What defines a successful fracture? It is one that: 

  • is created reliably and cost-effetively
  • provides maximum productivity enhancement 
  • is conductive and stable over time.  

The Rock, the mechanics and the Fluid

Historically, fracturing has been applied primarily to low-permeability- 0.1 to 10 md-  formations with the goal of producing narrow, conductive flow paths that penetrate deep into the reservoir. These less restrictive linear conduits replace radial flow regimes and yield a several-fold production increase. For large-scale treatments, as many as 40 pieces of specialized equipment, with a crew of 50 or more, are required to mix, blend and pump the fluid at more than 50 barrels per minute (bbl/min). Pumping may last eight hours with 1,000,000 gal of fluid and 2,000,000 to 4,000,000 lbm of propant placed in the fracture.

Until recently, treatments were performed almost exclusively on poor producing wells (often to make them economically viable). In the early 1990s, industry focus shifted to good producers and wells with potential for greater financial return. This, in turn, meant an increased emphasis on stimulating high-permeability formations.

The major constraint on production from such reservoirs is formation damage, frequently remedied by matrix acidizing treatments. But acidizing has limitations, and fracturing has found an important niche. The objective in highly permeable foormations is to create short, wide fractures to reach beyond the damage. This is often accomplished by having the proppant bridge, or screen out, at the end, or tip. of the fracture early in the treatment. This "tip screenout" technique is the opposite of what is desired in low-permeability formations  where the tips is ideally the last area to be packed.

 Why the different approach? The answer is found in the relationship between fracture length and the permeability contrast between the fracture and the formation. Where the contrast is large, as for low-permeability reservoirs, longer fractures provide proportionally greater productivity. Where the contrast is small, as in high-permeability formations, greater fracture length provides minimal improvement. Fracture conductivity is, however, directly related to fracture width. Using short- about 100-ft [30 m] - and wide fractures can prove beneficial.
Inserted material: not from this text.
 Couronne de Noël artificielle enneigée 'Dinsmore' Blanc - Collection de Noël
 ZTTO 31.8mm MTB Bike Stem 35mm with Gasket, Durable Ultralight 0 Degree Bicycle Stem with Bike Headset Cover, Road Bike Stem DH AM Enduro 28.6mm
High-permeability formation treatments are on a far reduced scale. Only a few pieces of blending and pumping equipment are required, and pumping times are typically less than one hour, and often only 15 minutes. Fluid is pumped at 15 to 20 bbl/min with a total volume of 10,000 to 20,000 gal and total proppant weight of about 100,000 lbm. This technique has been successful in the North Sea, Middle East, Indonesia, Canada and Alaska, USA.

While fracturing treatments vary widely in scale, each requires the successful integration of many disciplines and technologies, regardless of reservoir type. Rock mechanics experiments on cores, specialized injection testing and well logs provide dat on formation properties. Sophisticated computer software uses these data , along with fluid and well parameters, to simulate fracture initiation and propagation. These results and economic criteria define the optimum treatment design. Process-controlled mixing, blending and high-pressure pumping units execute the treatment. Monitoring and recording devices ensure fluid quality and provide permanent logs of job results. Engineers tracking the progress of the treatment use graphic displays that plot actual pumping parameters against design values to facilitate real-time decision making. Production simulators compare treatment results with expectations, providing valuable feedback for design of the next job.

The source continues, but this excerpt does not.